There is great dynamism in the energy sector, from generation to distribution and offtake at the low-voltage level. However, this dynamism is also associated with great uncertainties. These are reflected in issues of seemingly limitless technologies, e.g. in measurement technology, in system software, AI, new (virtual) services, etc.

On top of this, it should be noted that the energy transition must be mastered with a very large stock of assets, i.e., existing assets at distribution network operators as well as consumers. This immediately raises the question of money, i.e. the level of investment. After all, the expenses associated with an energy transition can increase enormously without generating any benefits.

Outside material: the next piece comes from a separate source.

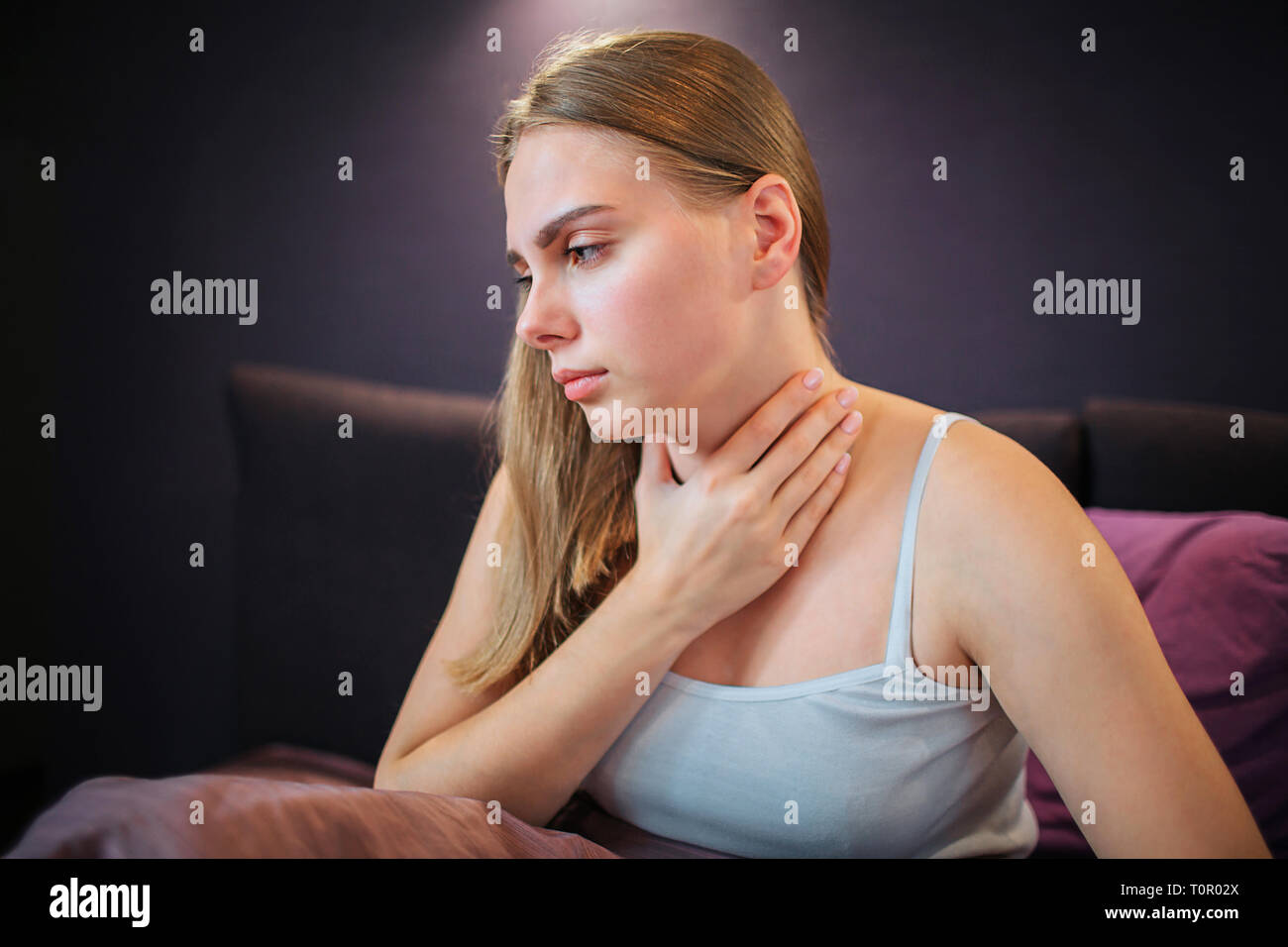 Sorgen junge Frau sitzt auf dem Bett und schaut nach unten. Sie hält die Hand auf den Hals. Frau fühlt es den Schmerz. Stockfoto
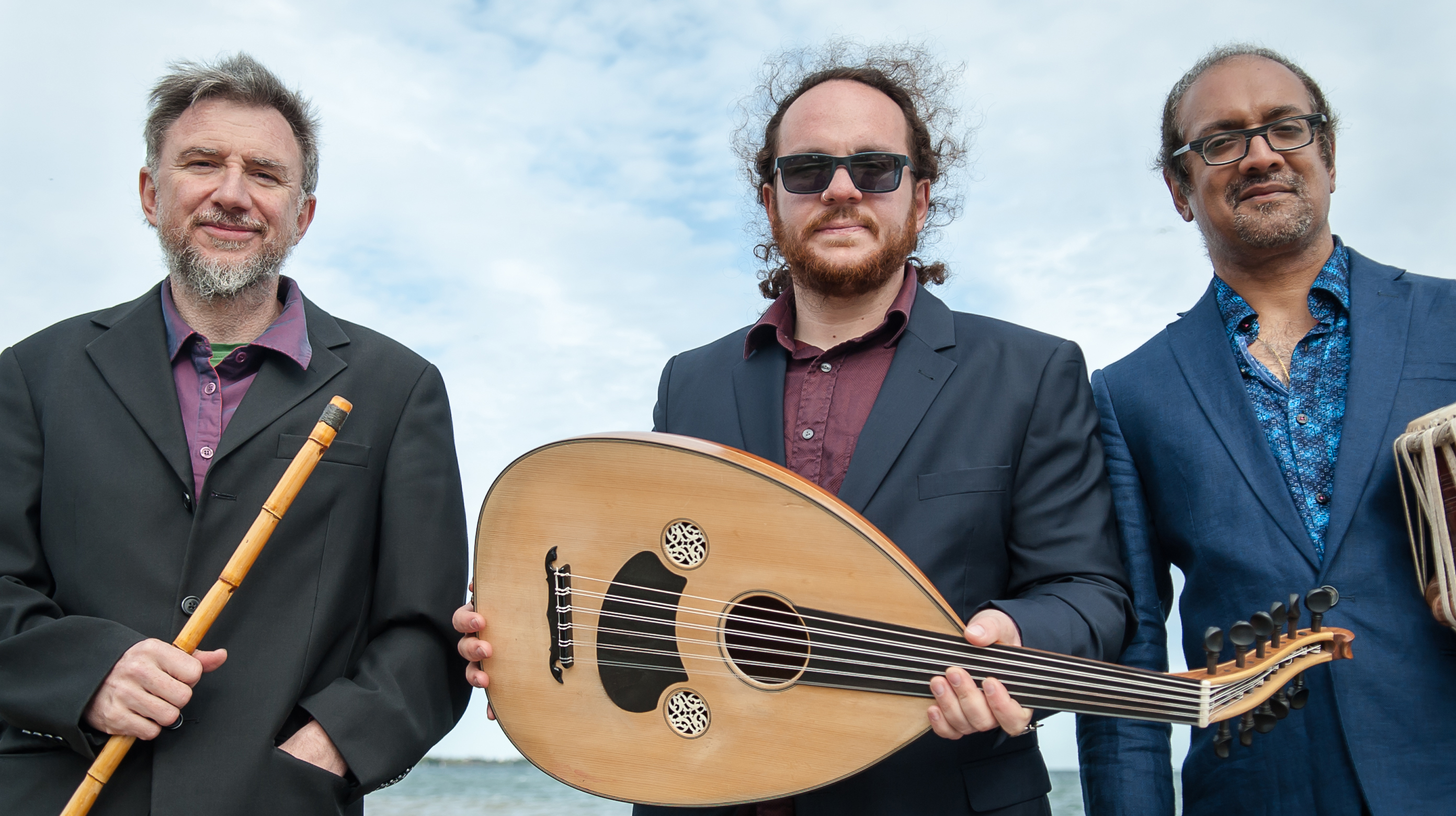 Three men in blazers stand outside holding instruments. A reed-style flute, a guitar-shaped instrumented that is decorated, and a drum.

Thus, the question of costs and benefits, which often cannot be answered so simply, is fundamental. New business models are emerging or have not even been considered conventionally. Start-ups play a major role here, although traditional companies such as Camille Bauer also have answers at the ready. So all in all, a very dynamic world, whose complexity is increasingly intensified and requires good solutions through efficiency with effectiveness.

The challenges in detail

• The push of the energy transition is inevitable (politically, socially, ecologically, economically)
• Geopolitical factors put enormous stress on our energy policy
• Consumers are increasingly becoming producers (prosumers)
• Decentralized feed-ins put a strain on the grids (e.g., through PV feed-in without counter-load)
• The electrical load on the grids is increasing rapidly (e.g. due to heat pumps, e-mobility, air conditioning, hydrogen production, etc.)
• Growing stakeholder groups (regulatory, environmental, political, social, customers, TSOs, etc.)
• New disorder on the formerly electric one-way street = bidirectional networks with many nodes
• Shortage of skilled workers inevitably leads to «inactivity»
• Sharply increasing complexities (technical, IT connectivity, regulatory, commercial, etc.)
• More and more information and data creates non-usable data lakes
• Mains quality (aka power quality) suffers due to dynamic EMC influences (interference, outages, defects, etc.)
• Cyber attacks in all areas are increasing rapidly

Possible conclusions in detail

• Technology support is needed
• Beneficial digitization of existing infrastructures is imperative
• Meaningful «transparency» in low-voltage networks must be established
• A targeted handling of data for systemic processing & use is substantial
• A cyber security OT must be applied holistically down to the field level (measurement level)
• Meaningful applications for visualization and automation become fundamental
• A future-oriented system openness versus limitations must be considered
• Provide for future-oriented scalability in the context of technology, applications and budget
• Create individual services with standardized modules

Mastering the energy transition – a solution approach with wireless measurement technology

Establish basic transparency

Since the energy turnaround has to be mastered to a large extent with existing plants (assets), technologies are needed that can be retrofitted into plants as efficiently as possible. In order to realize this, the wireless technology of Camille Bauer was virtually brought into the life of the energy transition.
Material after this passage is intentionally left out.